As Ricas Horas do Duque de Berry

As Ricas Horas do Duque de Berry
As Ricas Horas do Duque de Berry. Produção dos irmãos Limbourg - séc. XV. Mês de julho

quarta-feira, 8 de junho de 2016

Bizâncio e o Islã - o Oriente como protagonista

BIZÂNCIO

Com a decadência do Império Romano do Ocidente, Constantinopla permaneceu como último reduto da cultura romana. Construída sobre a colônia grega chamada de Bizâncio, localizada em uma posição estratégica, entre a Ásia e a Europa, próxima aos estreitos de Bósforo e Dardanelos, essa cidade dominava as rotas marítimas entre o Mar Egeu e o Mar Negro, bem como as rotas terrestres daquela região. Foi esse conjunto de fatores que incentivou o imperador romano Constantino a reforma-la em 330, rebatizando-a e depois se tornou a capital do Império Oriental: “a Roma do Oriente”.
A proximidade com a Grécia fez que Constantinopla recebesse forte influência da cultura helenística, tornando o grego sua segunda língua. Ao longo dos séculos V e VI, a cidade foi um movimentado entreposto comercial de lã, linho, seda, objetos de cobre, ouro e prata vindos da África, Pérsia, China e Índia, conferindo a Constantinopla o cognome de “Porta do Oriente” ou "Porta Dourada".
As principais atividades econômicas eram: comércio, devido à localização geográfica, ponto de convergência de várias rotas de comércio e agricultura, praticada com o trabalho escravo, mas também com a produção de pequenos proprietários livres. Apesar de existir a possibilidade de tais atividades serem desenvolvidas por particulares, toda a economia era fortemente controlada pelo Estado, dando a esse setor uma característica marcadamente intervencionista.

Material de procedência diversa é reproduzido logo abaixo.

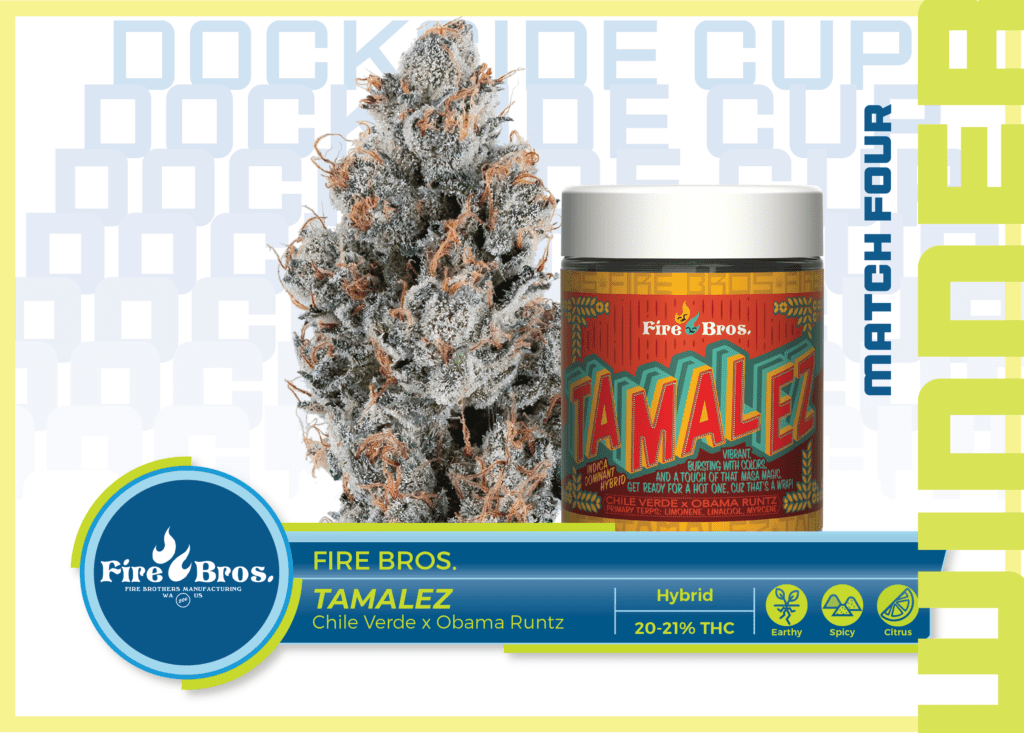 Fire Bros. Tamalez wins match 4 of the Dockside cup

Justiniano, coroado ao centro, acompanhado do bispo Maximianus.
Mosaico do séc. VI, Basílica de San Vitale, Ravena Itália.
Fonte: Wikipédia


Sob o governo de Justiniano (527-565), o Império Bizantino viveu a sua fase mais grandiosa. Ele estabeleceu a paz com o Império Persa e procurou reconstruir o antigo Império Romano do Ocidente, retomando as terras que estavam nas mãos dos bárbaros germânicos.
No plano interno, Justiniano mandou construir hospitais, novos muros para aumentar a segurança da cidade, e numerosas igrejas, dentre as quais se destaca Hagia Sophia, que significa Divina Sabedoria em grego, uma das  marcas da arquitetura e da arte bizantina.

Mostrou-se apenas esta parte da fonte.